I have a table with the following columns:
ref_year, ref_no, inv_id, start_date, end_date
The first two columns (ref_year and ref_no) combine to form a primary key in other tables and I will refer to them as 'reference' from now on, but in this table they can appear multiple times. The third (inv_id) is a foreign key. The final two columns represent the date an inv_id became attached to the reference and, where appropriate, the date it ceased being attached to that reference.

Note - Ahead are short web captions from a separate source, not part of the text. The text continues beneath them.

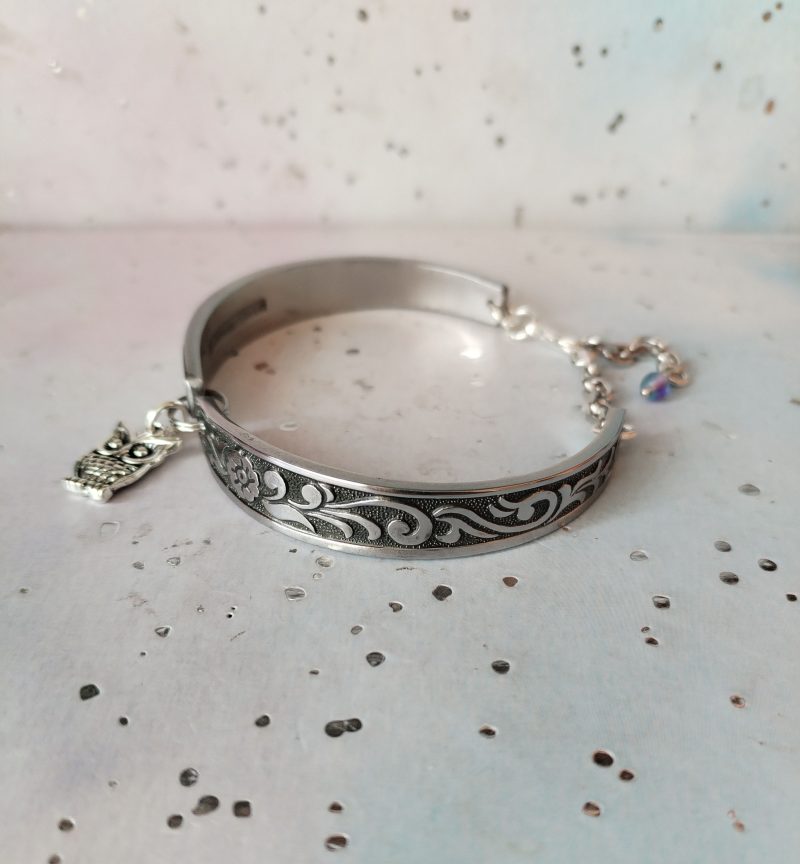 Handmade Stainless Steel Spoon Handle Bracelet with Owl Charm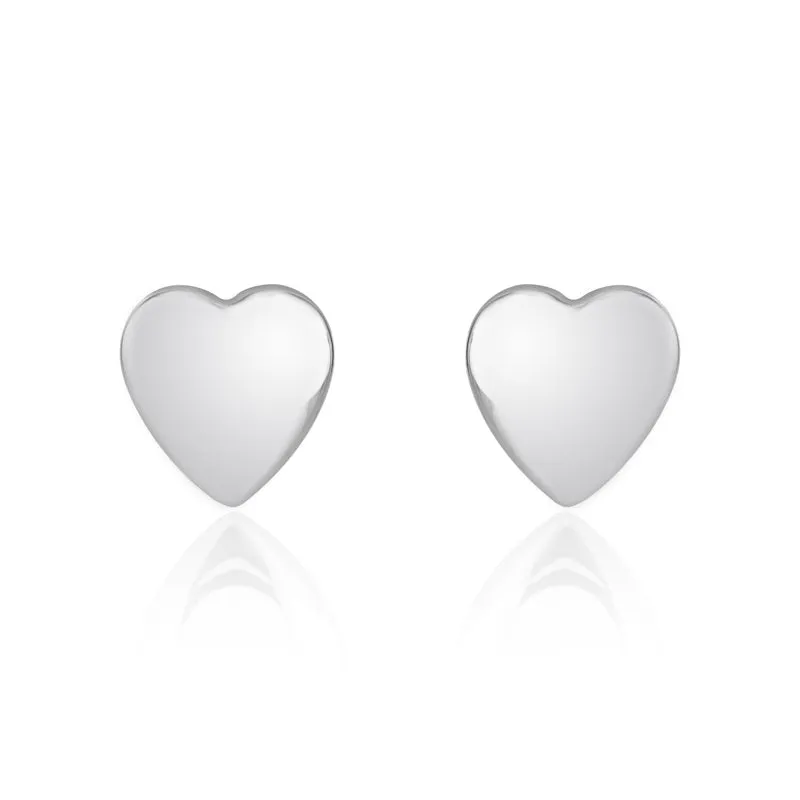 9ct White Gold 8.5mm Heart Stud Earrings sold by Jura Watches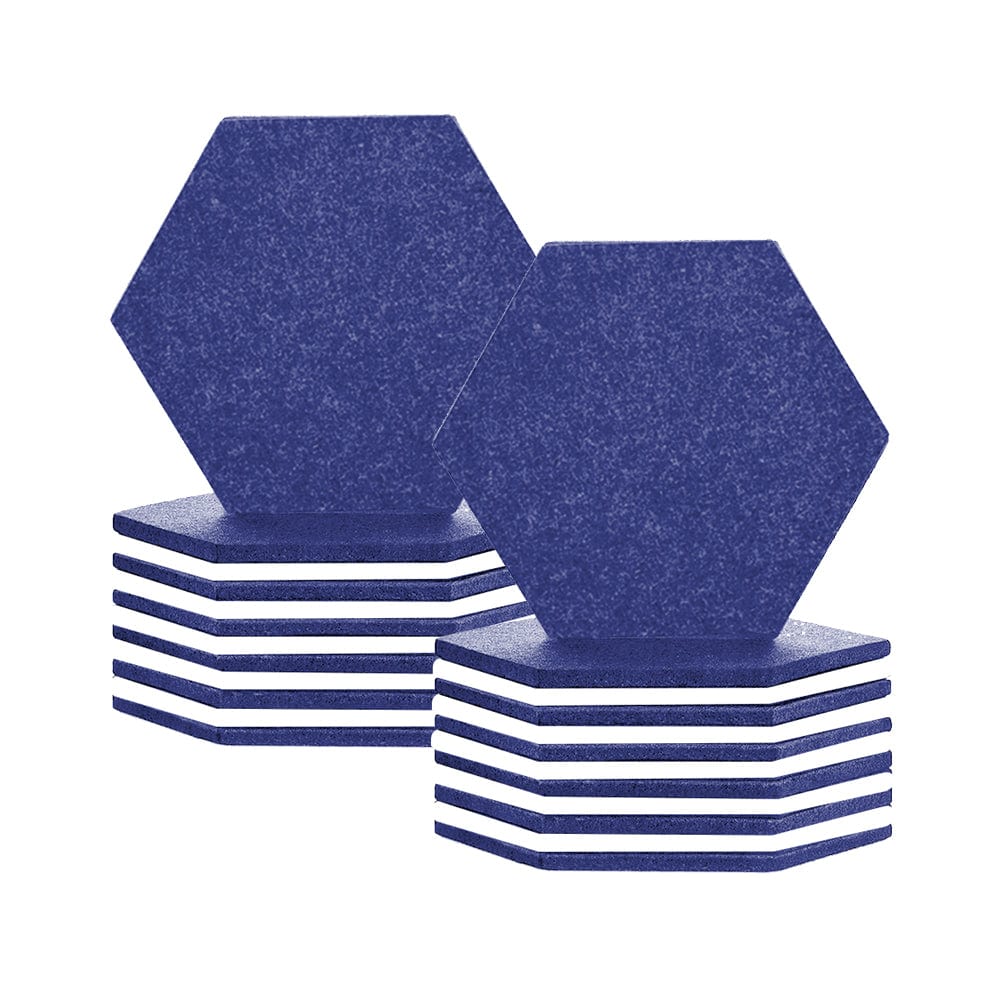 Arrowzoom Hexagon Felt Sound Absorbing Wall Panel - Blue and White - KK1224 24 pieces - 17 x 20 x 1cm / 6.7 x 7.8 x 0.4 in / Blue and White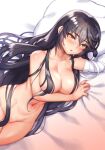  bandaged_arm bandages bed bed_sheet black_hair blush breasts completely_nude folks_(nabokof) hair_censor hair_over_breasts large_breasts long_hair navel nude on_bed open_mouth pussy shiny_skin tales_of_(series) tales_of_berseria toned velvet_crowe very_long_hair yellow_eyes 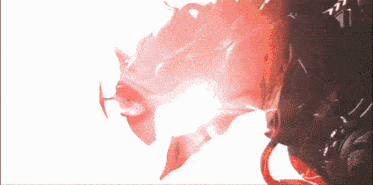 a white background with a red glowing object coming out of it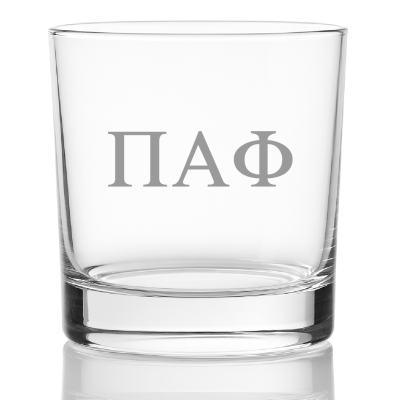 Custom Engraved Pi Alpha Phi Rocks Glass - Personalized Whiskey Glasses - 2pcs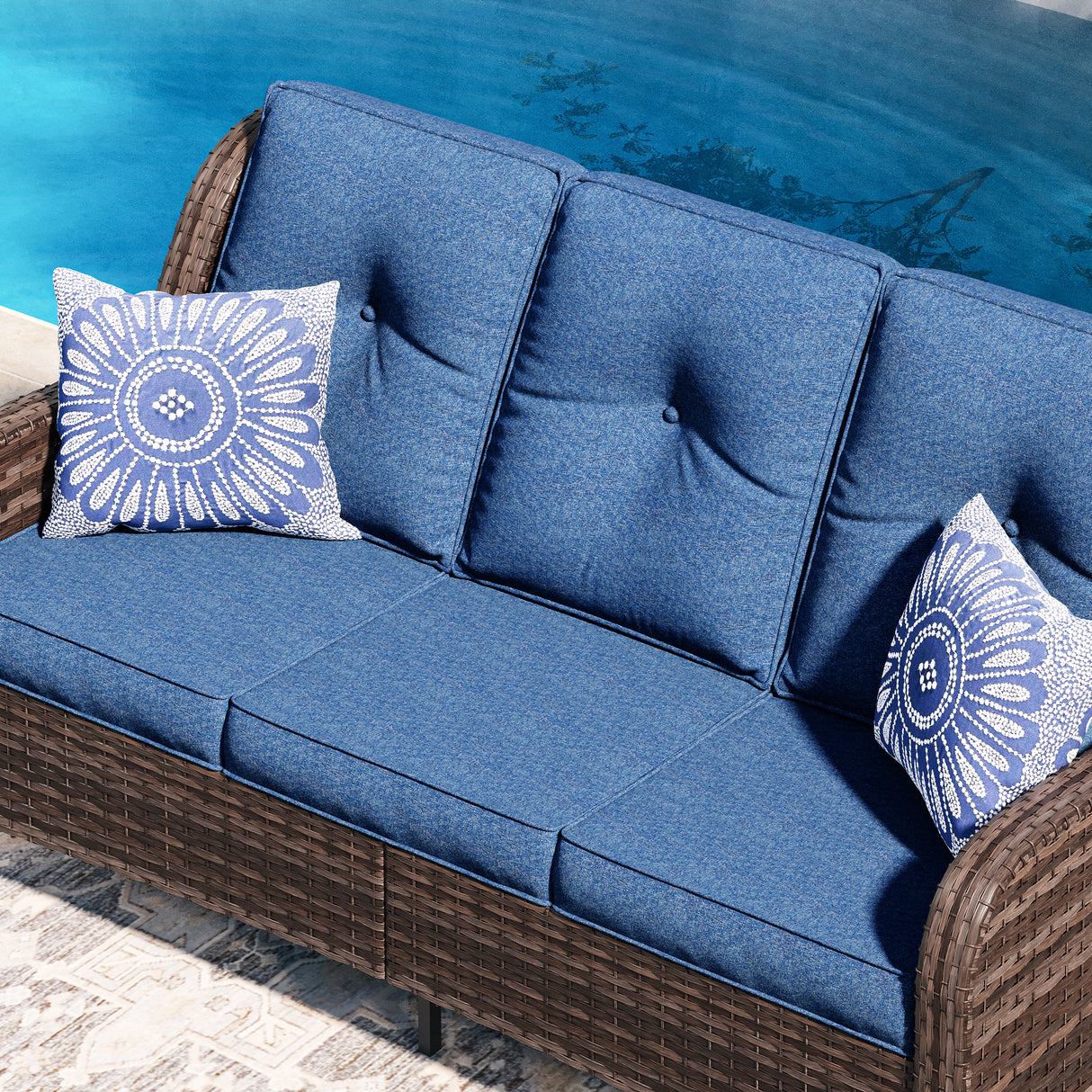 Vicllax Patio Wicker Oasis Lounge Sofa, 3-Seater Sofa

I want to return exactly one row for each reference that will relfect the earliest inv_id attached to that reference where end_date is null. It's the end_date part that's causing me problems. Here's what I've got so far:
SELECT
t1.*
FROM
involvements t1
LEFT OUTER JOIN
involvements t2
ON
(t1.ref_year = t2.ref_year
AND
t1.ref_no = t2.ref_no
AND
t1.start_date < t2.start_date)
WHERE
t2.ref_year IS NULL
AND
t2.ref_no IS NULL
This selects the inv_id with the earliest start_date perfectly, but I can't figure out how to account for those cases where the inv_id with the earliest start_date has an end_date that is not null, in which case I'd want the script to check the next-oldest inv_id for that reference instead, and so on until it returns one with a null end_date. I tried creating a temporary table with only null end_dates then inner joining to this as a sub-query but of course couldn't because the WHERE
clause came before the sub-query. Is there an efficient way to get my desired behaviour?